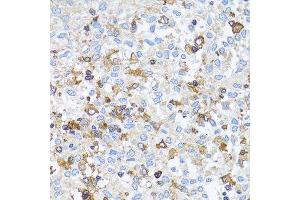 Immunohistochemistry of paraffin-embedded human lung cancer using ACTR2 antibody. (ACTR2 Antikörper  (AA 1-160))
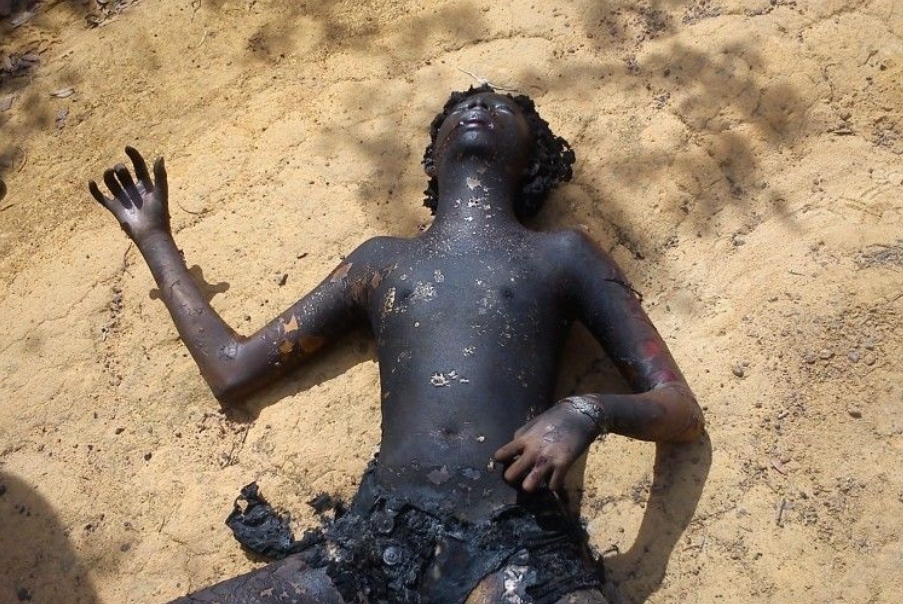 Prostitute Gets Beaten Unconscious And Burned Alive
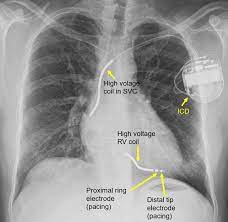 Icds are best distinguished from pacemakers on cxr by coils that appear as thickened icd vs pacemaker. Cardiac Implantable Electronic Devices Cied On Cxr
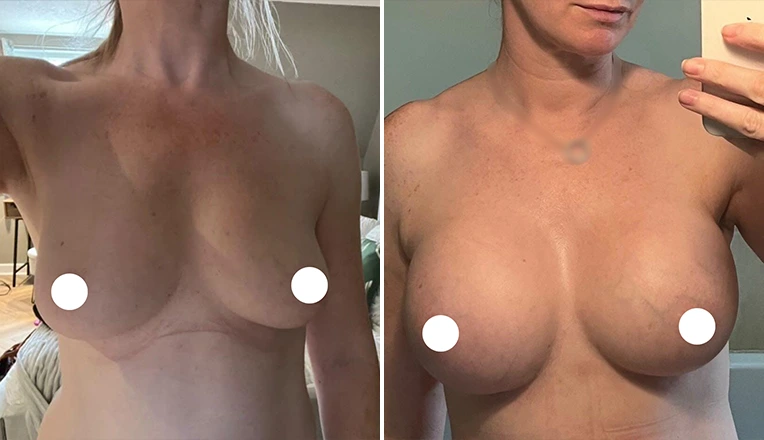 breast-augmentation-before-and-after-results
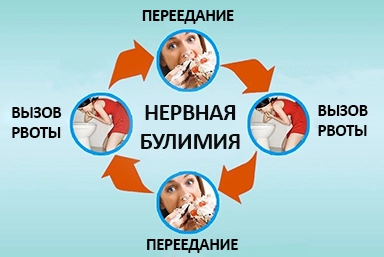 Лечение булимии в Чанах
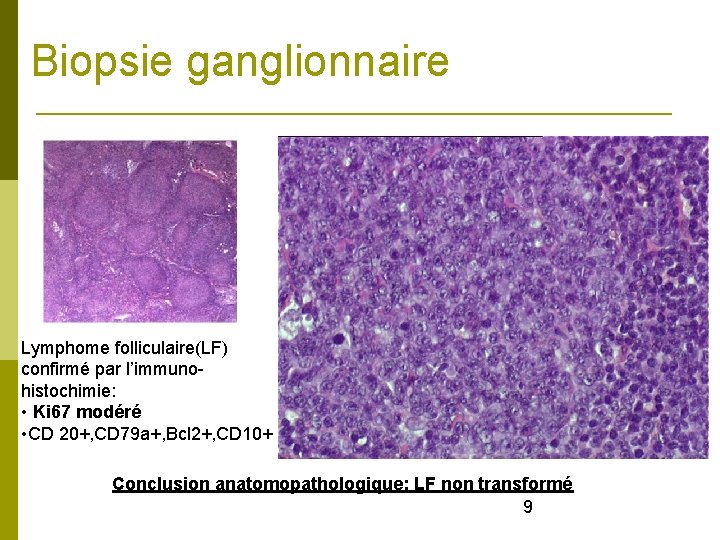 Biopsie ganglionnaire Lymphome folliculaire(LF) confirmé par l’immunohistochimie: • Ki 67 modéré • CD 20+,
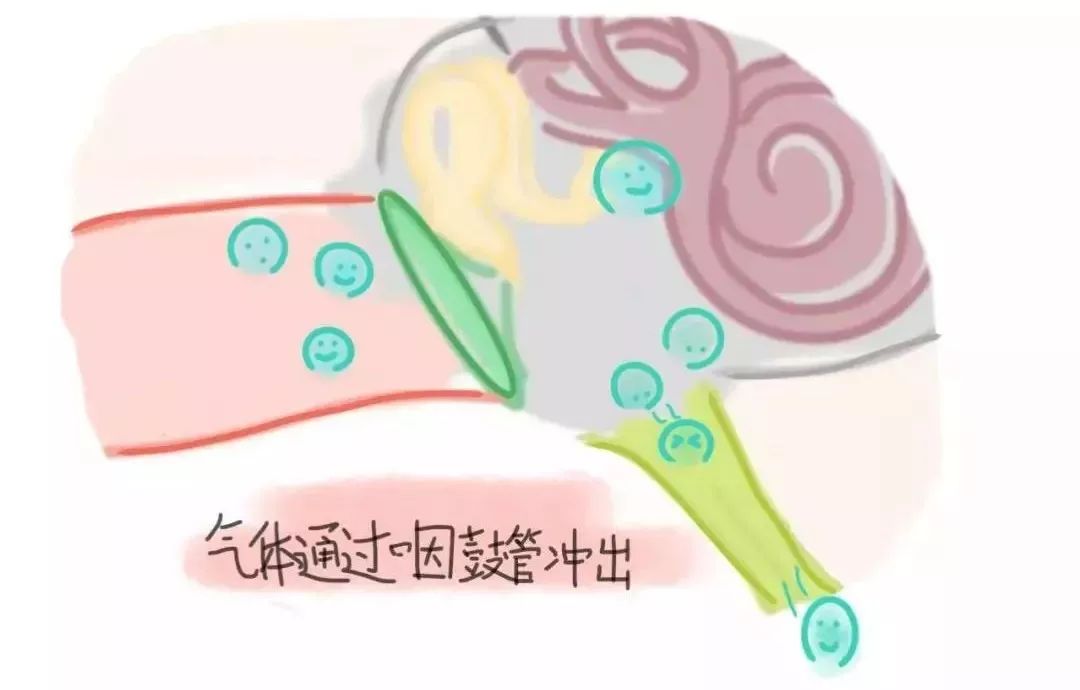 鼓膜内陷,鼓膜积液,鼓膜位置_大山谷图库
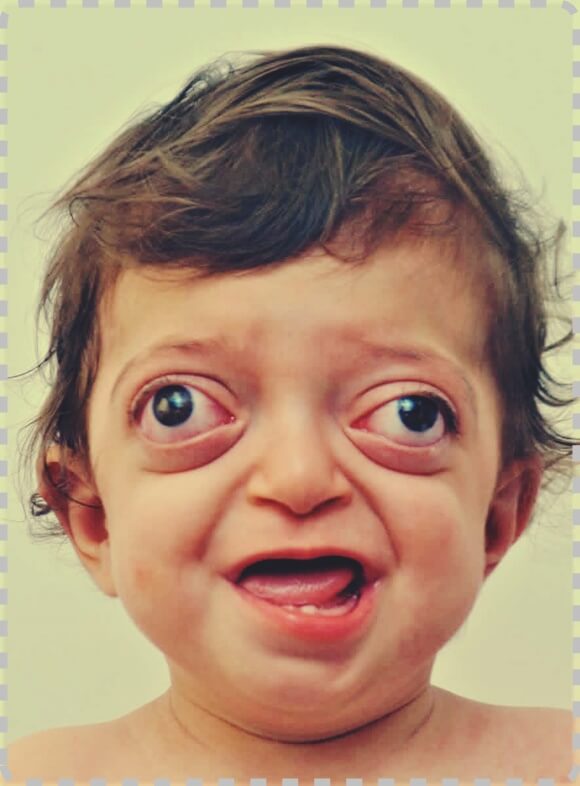 크루존 증후군(Crouzon Syndrome)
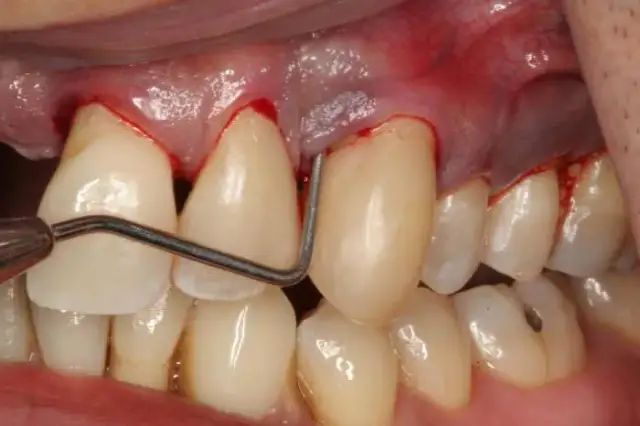 Rak dziąseł objawy: Jak rozpoznać niepokojące symptomy i chronić zdrowie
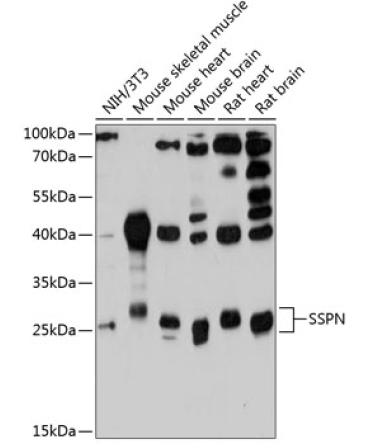 SSPN Rabbit Polyclonal Antibody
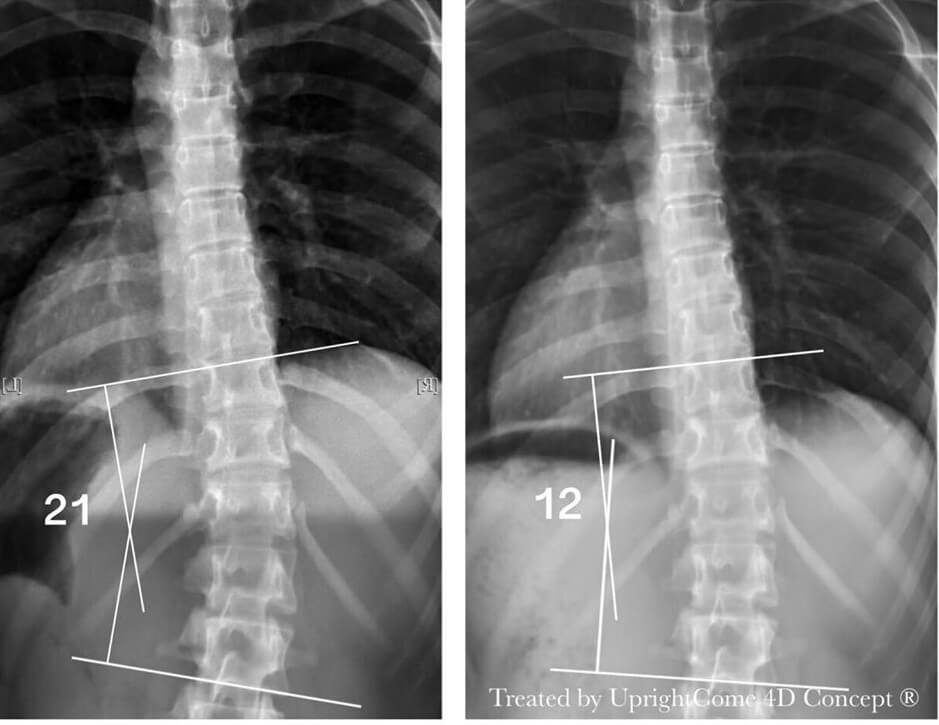 脊椎側彎患者經過側彎矯正治療後，胸椎側彎角度由21度減少到12度。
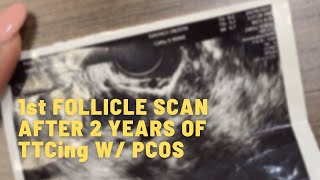 CYCLE DAY 9 FOLLICLE SCAN WITH LETROZOLE  TTC JOURNEY WITH PCOS  Baby 1 [upl. by Anicart]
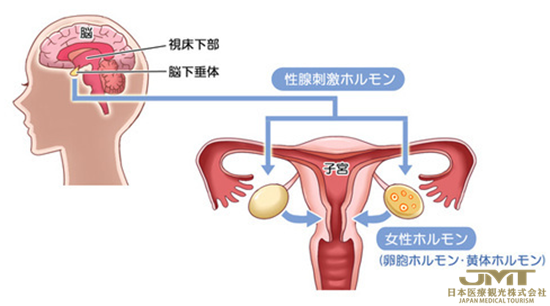 JMT日本医疗-浅谈不孕不育的定义及主要原因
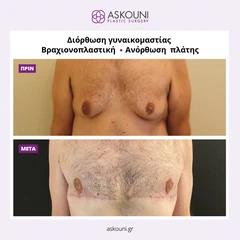Πλαστική μετά από Απώλεια Βάρους | Πριν & Μετά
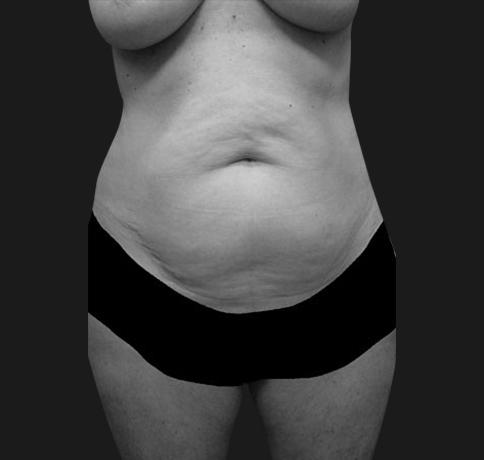 Tummy Tuck before at Aristocrat Plastic Surgery in Scarsdale, NY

--- --- ---

**Exercise prompt:** Could you reproduce the data above exactly, without its pictures?

**Output for this exercise:**
 Immunohistochemistry of paraffin-embedded human lung cancer using ACTR2 antibody. (ACTR2 Antikörper  (AA 1-160))
 Prostitute Gets Beaten Unconscious And Burned Alive
 Icds are best distinguished from pacemakers on cxr by coils that appear as thickened icd vs pacemaker. Cardiac Implantable Electronic Devices Cied On Cxr
 breast-augmentation-before-and-after-results
 Лечение булимии в Чанах
 Biopsie ganglionnaire Lymphome folliculaire(LF) confirmé par l’immunohistochimie: • Ki 67 modéré • CD 20+,
 鼓膜内陷,鼓膜积液,鼓膜位置_大山谷图库
 크루존 증후군(Crouzon Syndrome)
 Rak dziąseł objawy: Jak rozpoznać niepokojące symptomy i chronić zdrowie
 SSPN Rabbit Polyclonal Antibody
 脊椎側彎患者經過側彎矯正治療後，胸椎側彎角度由21度減少到12度。
 CYCLE DAY 9 FOLLICLE SCAN WITH LETROZOLE  TTC JOURNEY WITH PCOS  Baby 1 [upl. by Anicart]
 JMT日本医疗-浅谈不孕不育的定义及主要原因
Πλαστική μετά από Απώλεια Βάρους | Πριν & Μετά
 Tummy Tuck before at Aristocrat Plastic Surgery in Scarsdale, NY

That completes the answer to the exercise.